Stateless Afghans

26 Apr 2009

Stateless Afghans

26 April 2009 - Five thousand families have lived across Afghanistan for decades, but none of them have Afghan citizenship. Among several minorities in Afghanistan, a forgotten and isolated minority is the Jogi tribe.

 

Jogies have Uzbek and Tajik origins and many crossed the border from Bukhara in Uzbekistan during the period of the Soviet Union to seek asylum in the northern parts of Afghanistan.

A recent study by the United Nations High Commissioner for Refugees (UNHCR) on the living conditions and status of this minority has been conducted in Mazar-i-Sharif. Assisting stateless people is a part of UNHCR’s mandate across the world.

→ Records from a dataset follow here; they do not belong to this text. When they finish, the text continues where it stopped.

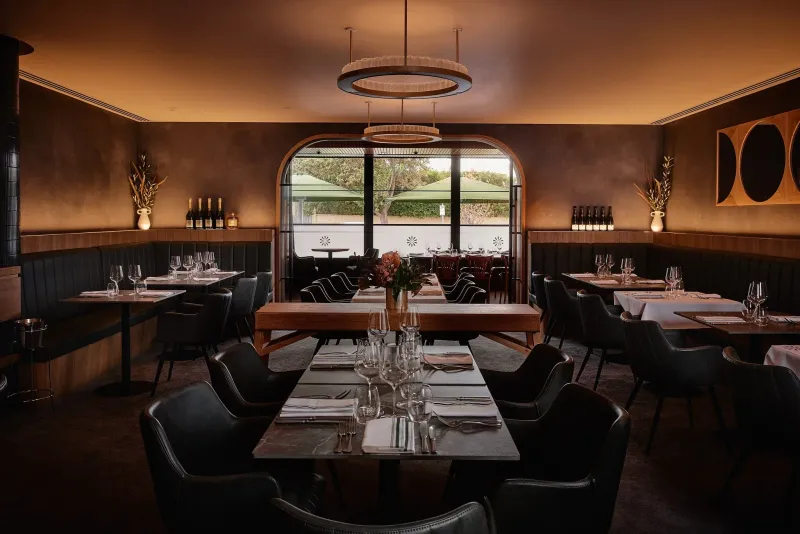 Baix restaurant dining room in Brighton with green leather booths, marble tables and an arched window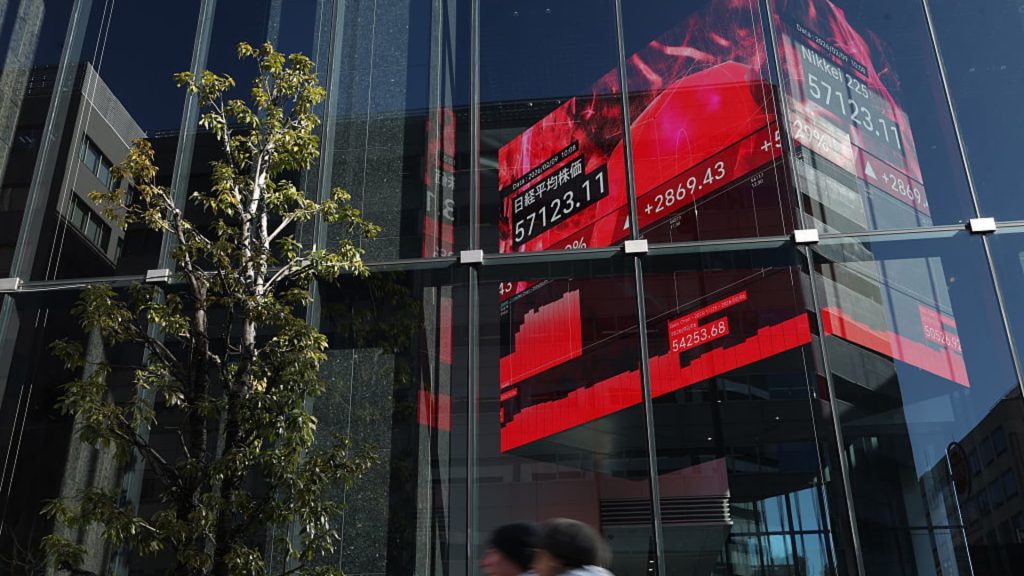 Asia-Pacific markets show mixed results as oil stays close to $100 with rising U.S.-Iran tensions.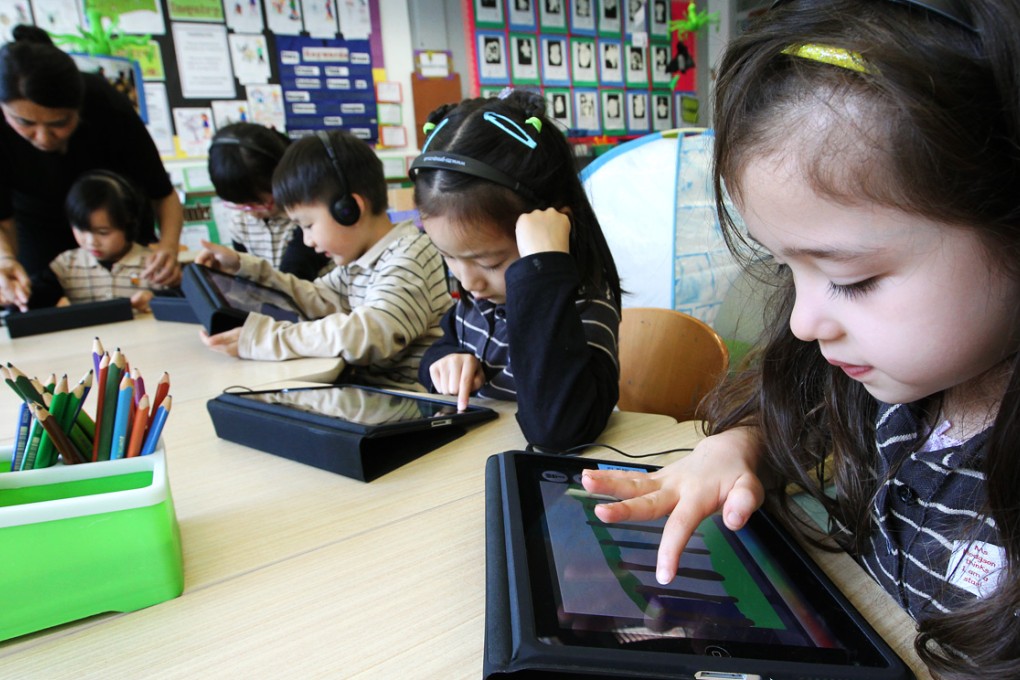 Born in the new millennium, these children have never known the dark ages of dial up internet, and the youngest are learning how to operate smartphones or tablets before they can talk. Photo: Edward Wong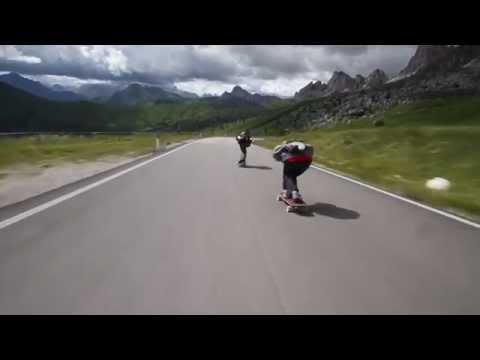 Crazy downhill skateboarders flying by cyclists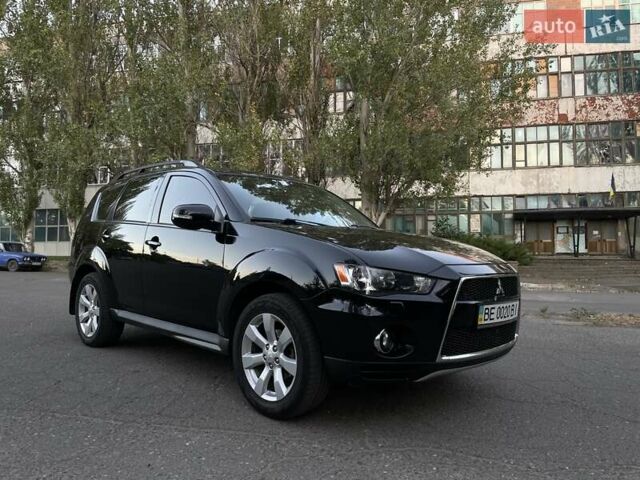 Черный Мицубиси Аутлендер, объемом двигателя 2.36 л и пробегом 160 тыс. км за 11900 $, фото 1 на Automoto.ua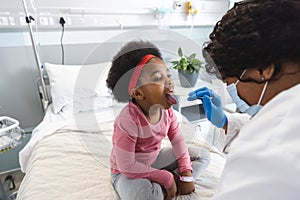 African american female doctor wearing face mask examining girl patient at hospital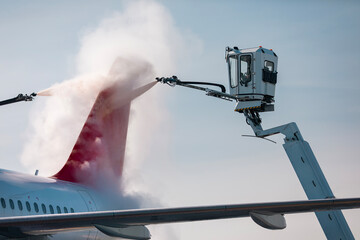 Deicing of airplane before flight. Winter frosty day at airport..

“As human beings they should be given an identity, social protection and they need to be given chances to develop and live like others in the community,” said Gul Aqa Adel, a UNHCR official who initiated this study.

Jogies live in difficult conditions under tents and are forced to move from place to place. Their lack of Afghan identity deprives them from access to schools, employment, receiving assistance from government and many international aid organisations.

They cannot buy or rent a house because of their lack of an identity card – so they live in isolated locations around Mazar-i-Sharif.

“People don’t take us for labour – they think we are dirty and dangerous, I don’t know why. We are the most vulnerable people,” said Kakul, a Jogi man while he was receiving an assistance package.

Jogi men and women search for work, but mostly to no avail. Jogi women are often fortune-tellers and beggars. Many of them offer fortune-telling around the blue mosque in Mazar-i-Sharif.

Little Jogi girls learn begging and fortune-telling from their mothers at very small age –
an age when they should be school. Their pleading eyes look deep into people while they are begging for some money or food.

Assistance packages were recently distributed to 126 Jogi families by the Government of Afghanistan and the United Nations. Each family package provided by International Organisation for Migration (IOM) included two quilts, three jackets, three blankets, three pairs of shoes and three pairs of socks. UNHCR distributed plastic sheets for each family and the Department of Returnees and Repatriation in Balkh provided soap.

UNHCR is now committed to help Jogies get proper national identification. This will help them send their children to school and Jogi men and women will be able to get official jobs.